“My friends are always over so I’m not alone. And the TV’s on the second that they leave. Ghosts don’t stand a chance against the radio, that’s why I turn the music up to sleep. Cause there’s no peace in quiet…just footsteps on the stairs. Whispers in the silence, remind me you’re not there…there’s no peace in quiet. Tonight, I’ll lie down knowing you’re not coming home-then I’ll swear I hear you keys outside the door. And I’ll hate myself for checking as if I don’t know that’s it’s just the wind chimes on the neighbors porch. Cause there’s no peace in quiet…just footsteps on the stairs. Whispers in the silence, remind me you’re not there…there’s no peace in quiet. I hear you singing in the shower, I hear you breathing in my bed, but there’s nothing I hear louder than the words I never said. Cause there’s no peace in quiet…just footsteps on the stairs. Whispers in the silence, remind me you’re not there…there’s no peace in quiet.” -No Peace in Quiet, Delta Rae
Kind of crazy that just a paragraph-can contain an entire song, that at this very moment speaks to every feeling I have in my life.
Shortly after Tyler made his decision to go back to his ex, I started writing him a journal. I’m not sure if it’s for him or if it’s more for me-trying to make sure that I get out what I need to. I don’t know if I’ll ever give it to him. Maybe I should burn the pages. Maybe I should keep them for this little blog of mine. Maybe I should give them to him, so he can really know what he lost out on…but maybe it’s too much? All I know is that those pages have helped me more than anything.

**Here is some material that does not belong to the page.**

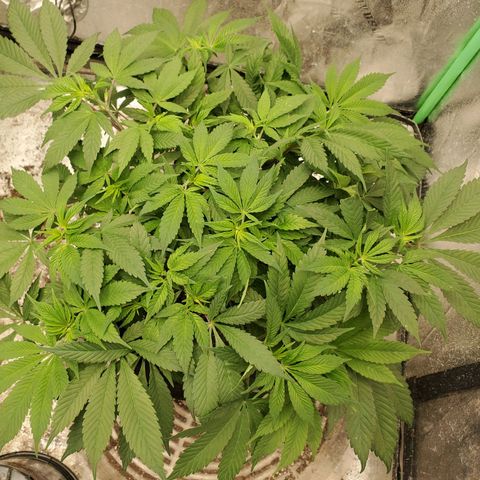 Dragon Mints 4💥 [4/29] growlog timeline photo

It’s become dreadfully obvious to me that I am making myself TOO available to him. He calls or text,s I respond immediately. Like…embarassingly fast. I realized today that I need to take an even further step back. I’ve stopped texting and calling. I hate getting that message saying “I’m with Stephanie.” I hate getting no response at all. So I trained myself to do something else-ANYTHING else instead of messaging him when I want to. It’s helped-I’m not as attached to him as I was before. I think that when he reaches out to me, I want to seem like I have time to make for him instead of him having to wait for attention-like he used to have to do with her.

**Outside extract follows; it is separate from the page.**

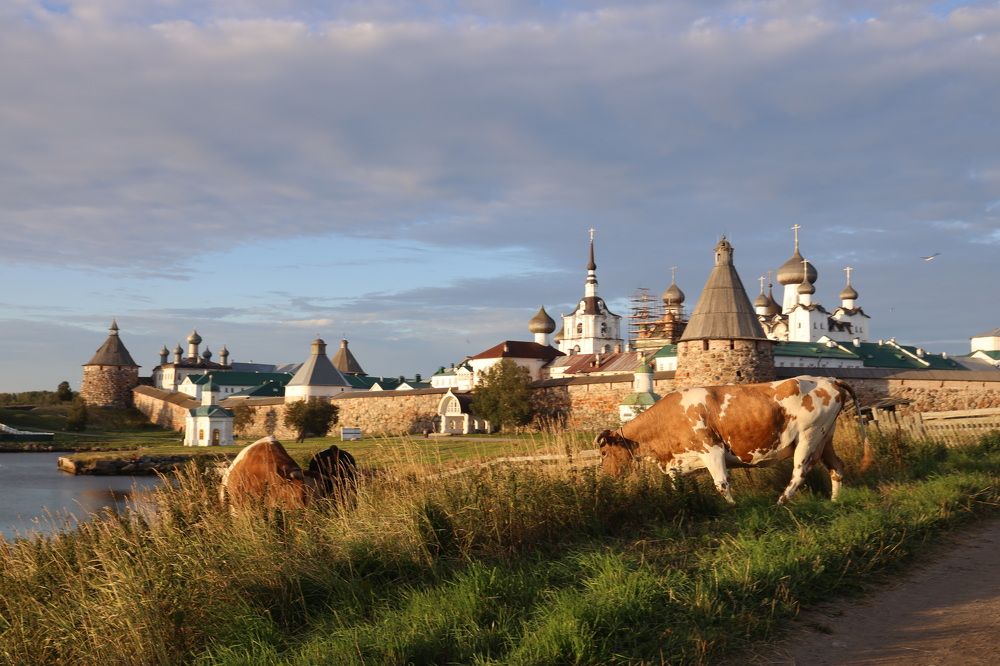 Соловки. Душа русского севера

It’s time for me to face the facts; he’s not coming back, at least anytime in the near future. He’s got what he wants, and for the time being, until the newness wears off, she’s got what she wants. I’m not in the equation anymore and I need to realize that.
But why is it so fucking hard?
I wish there was a manual for this kind of thing…that something would happen in a relationship and then BAM! Everything makes sense. But instead I’m here trying to keep myself together, when all I want to do is break down in tears.
Enough of this depressing mess.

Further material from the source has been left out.